简体   繁体   中英

Python Web Scraping: URL Pagination

A friend and I are working on this web scraper for the Michigan Campaign Finance website. We want to achieve pagination on this tool but are not sure how to go about it. Right now the code successfully scrapes and writes to a csv but only does so for the specified page in the url (see url link below). Can anyone help us achieve pagination on this tool? I have tried the.format() and for loop methods with no luck.

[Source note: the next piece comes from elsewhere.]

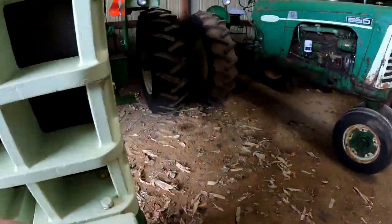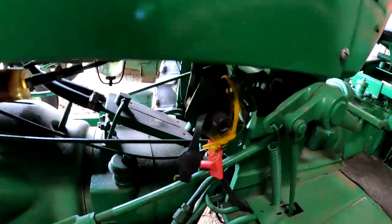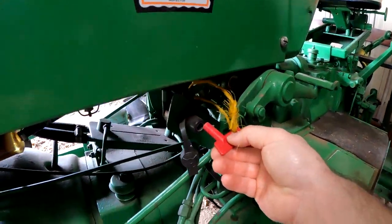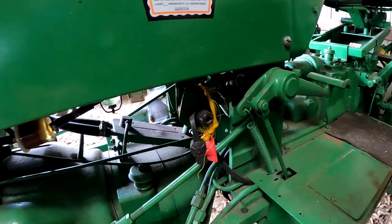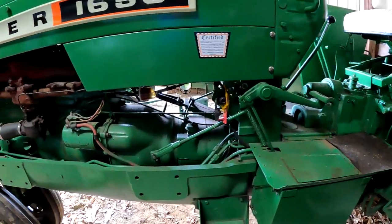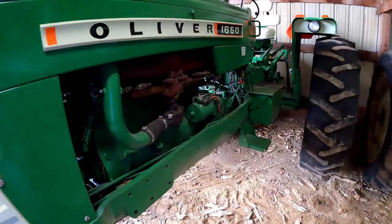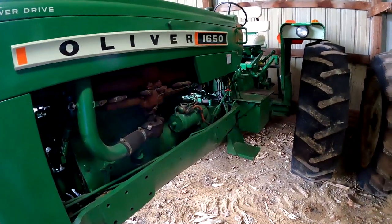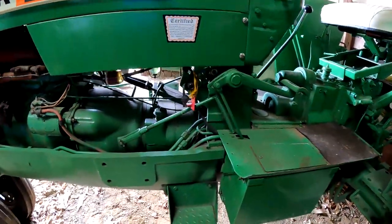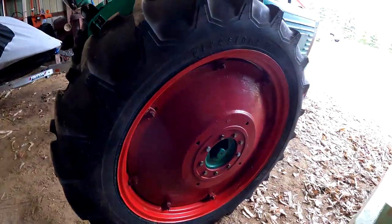I'm going to show you this battery disconnect he's got. You put your cables on here, pull this key out, and your battery's dead. Fires are often started by the electrical system, so that kills it instead of pulling your battery cables off. It's harder on these models to get in there — so that's pretty nice. And here is a 66 Diesel.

My code is below.

https://cfrsearch.nictusa.com/documents/473261/details/filing/contributions?schedule=1A&changes=0&page=1

import requests
import requests_cache
import lxml.html as lh
import pandas as pd
import sqlite3
import matplotlib.pyplot as plt
from bs4 import BeautifulSoup
from urllib.request import urlopen

base_url = 'https://cfrsearch.nictusa.com/documents/473261/details/filing/contributions?schedule=1A&changes=0&page=11'

#requests_cache.install_cache(cache_name='whitmer_donor_cache', backend='sqlite', expire_after=180)

#Scrape Table Cells
page = requests.get(base_url)

doc = lh.fromstring(page.content)
tr_elements = doc.xpath('//tr')
#print([len(T) for T in tr_elements[:12]])

#Parse Table Header
tr_elements = doc.xpath('//tr')
col = []
i = 0
for t in tr_elements[0]:
    i += 1
    name = t.text_content()
    print('%d:"%s"'%(i,name))
    col.append((name,[]))

###Create Pandas Dataframe###
for j in range(1,len(tr_elements)):
    T = tr_elements[j]
    if len(T)!=9:
        break
    i = 0
    for t in T.iterchildren():
        data = t.text_content() 
        if i>0:
            try:
                data = int(data)
            except:
                pass
        col[i][1].append(data)
        i+=1
#print([len(C) for (title,C) in col])

###Format Dataframe###
Dict = {title:column for (title,column) in col}
df = pd.DataFrame(Dict)
df = df.replace('\n','', regex=True)
df = df.replace('  ', ' ', regex=True)
df['Receiving Committee'] = df['Receiving Committee'].apply(lambda x : x.strip().capitalize())

###Print Dataframe###
with pd.option_context('display.max_rows', 10, 'display.max_columns', 10):  # more options can be specified also
    print(df)

df.to_csv('Whitmer_Donors.csv', mode='a', header=False)

#create excel writer
#writer = pd.ExcelWriter("Whitmer_Donors.xlsx")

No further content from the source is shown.